What to do
Quote the whole listing exactly. Leave the pictures out of your copy.

=== Section Start ===

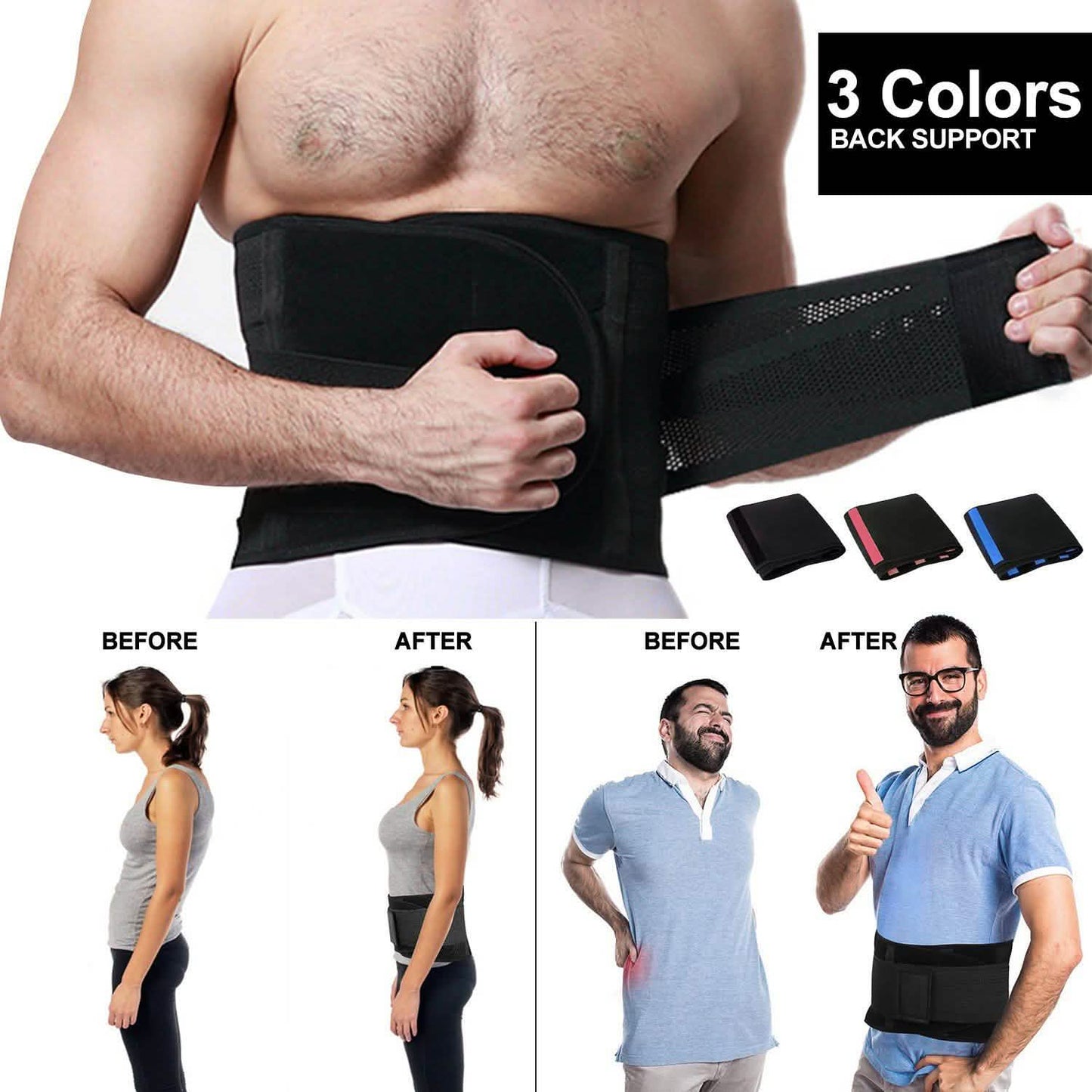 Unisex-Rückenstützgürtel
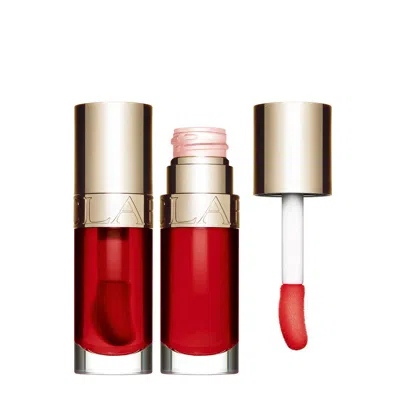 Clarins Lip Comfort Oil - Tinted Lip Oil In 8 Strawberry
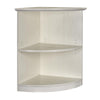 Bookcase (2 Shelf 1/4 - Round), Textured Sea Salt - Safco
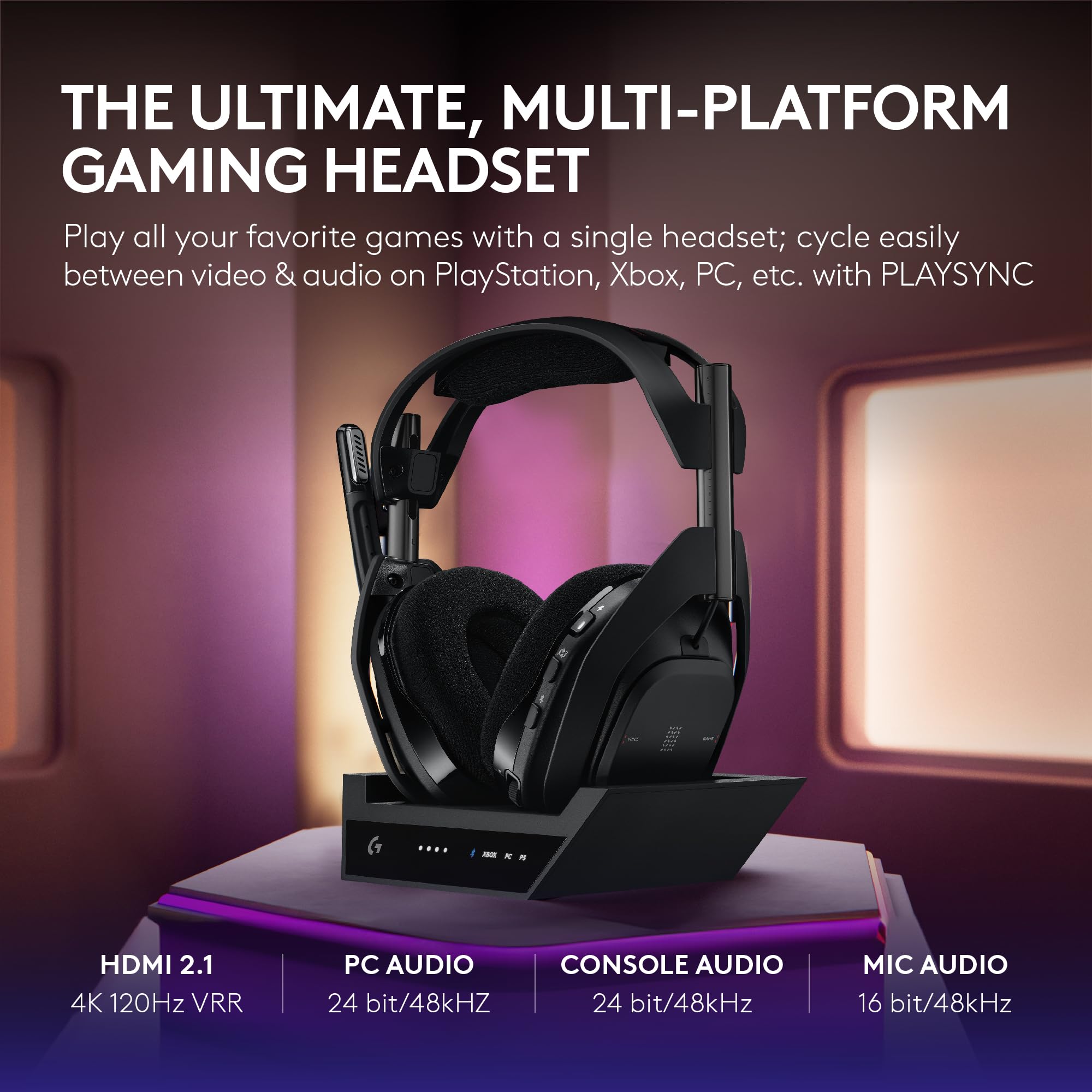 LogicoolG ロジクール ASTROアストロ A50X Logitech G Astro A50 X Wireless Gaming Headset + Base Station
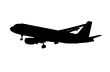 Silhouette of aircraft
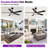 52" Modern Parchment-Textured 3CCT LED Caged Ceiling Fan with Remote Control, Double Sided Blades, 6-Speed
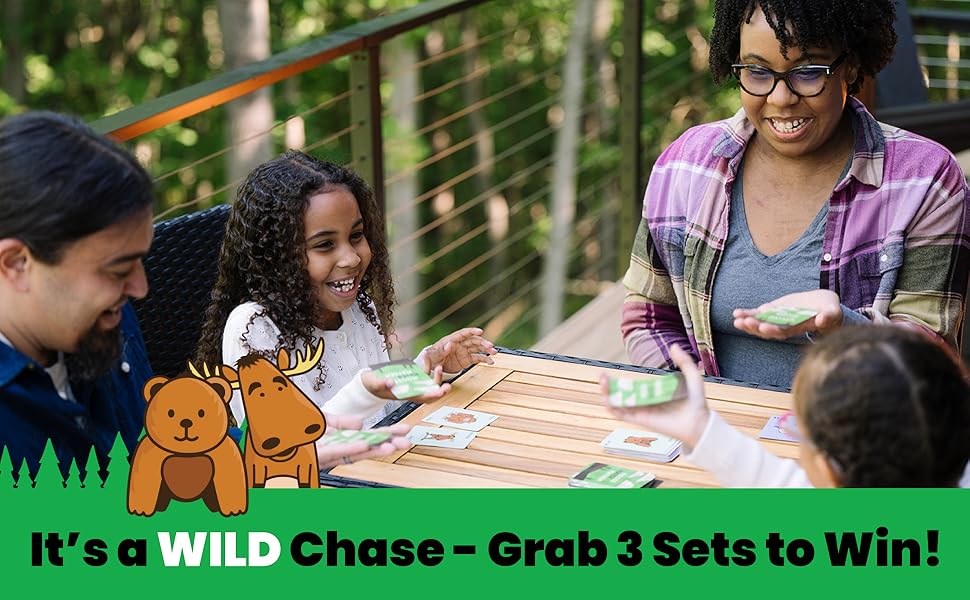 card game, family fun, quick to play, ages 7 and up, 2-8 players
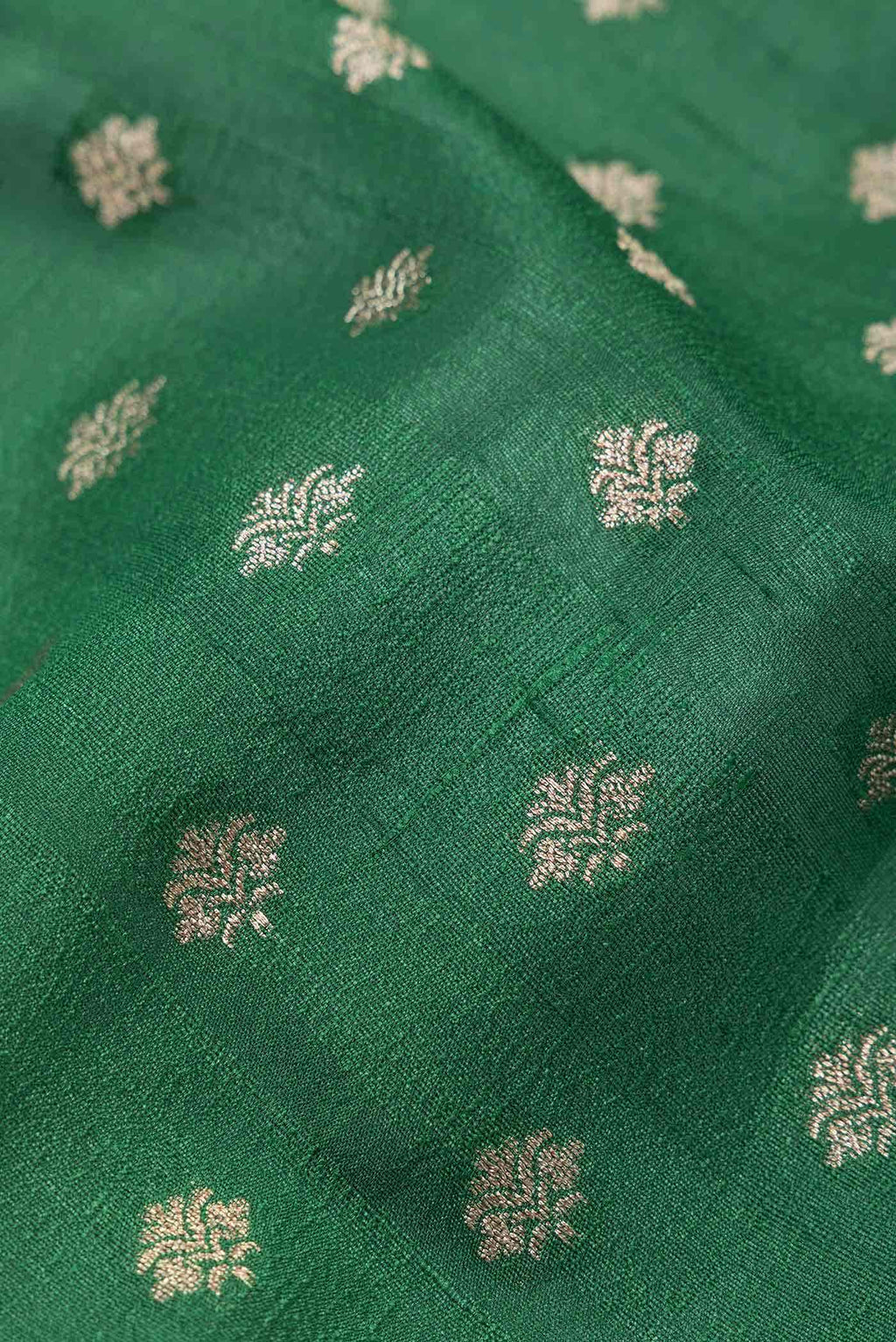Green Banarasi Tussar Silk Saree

=== Section End ===

The answer
 Unisex-Rückenstützgürtel
 Clarins Lip Comfort Oil - Tinted Lip Oil In 8 Strawberry
 Bookcase (2 Shelf 1/4 - Round), Textured Sea Salt - Safco
 LogicoolG ロジクール ASTROアストロ A50X Logitech G Astro A50 X Wireless Gaming Headset + Base Station
 Silhouette of aircraft
 52" Modern Parchment-Textured 3CCT LED Caged Ceiling Fan with Remote Control, Double Sided Blades, 6-Speed
 card game, family fun, quick to play, ages 7 and up, 2-8 players
Green Banarasi Tussar Silk Saree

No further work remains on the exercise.